◆ **Work instruction**: The entries are to be given again in full. Every word must match.

◆ **Recorded information**:
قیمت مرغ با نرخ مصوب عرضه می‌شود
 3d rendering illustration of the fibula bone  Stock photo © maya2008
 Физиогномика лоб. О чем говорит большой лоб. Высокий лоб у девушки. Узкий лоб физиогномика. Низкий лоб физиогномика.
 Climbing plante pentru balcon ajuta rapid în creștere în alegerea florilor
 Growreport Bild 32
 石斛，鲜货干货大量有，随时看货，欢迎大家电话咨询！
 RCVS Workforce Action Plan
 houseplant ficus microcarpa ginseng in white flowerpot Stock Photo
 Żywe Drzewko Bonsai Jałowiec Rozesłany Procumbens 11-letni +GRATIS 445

◆ **Response to the exercise**:
قیمت مرغ با نرخ مصوب عرضه می‌شود
 3d rendering illustration of the fibula bone  Stock photo © maya2008
 Физиогномика лоб. О чем говорит большой лоб. Высокий лоб у девушки. Узкий лоб физиогномика. Низкий лоб физиогномика.
 Climbing plante pentru balcon ajuta rapid în creștere în alegerea florilor
 Growreport Bild 32
 石斛，鲜货干货大量有，随时看货，欢迎大家电话咨询！
 RCVS Workforce Action Plan
 houseplant ficus microcarpa ginseng in white flowerpot Stock Photo
 Żywe Drzewko Bonsai Jałowiec Rozesłany Procumbens 11-letni +GRATIS 445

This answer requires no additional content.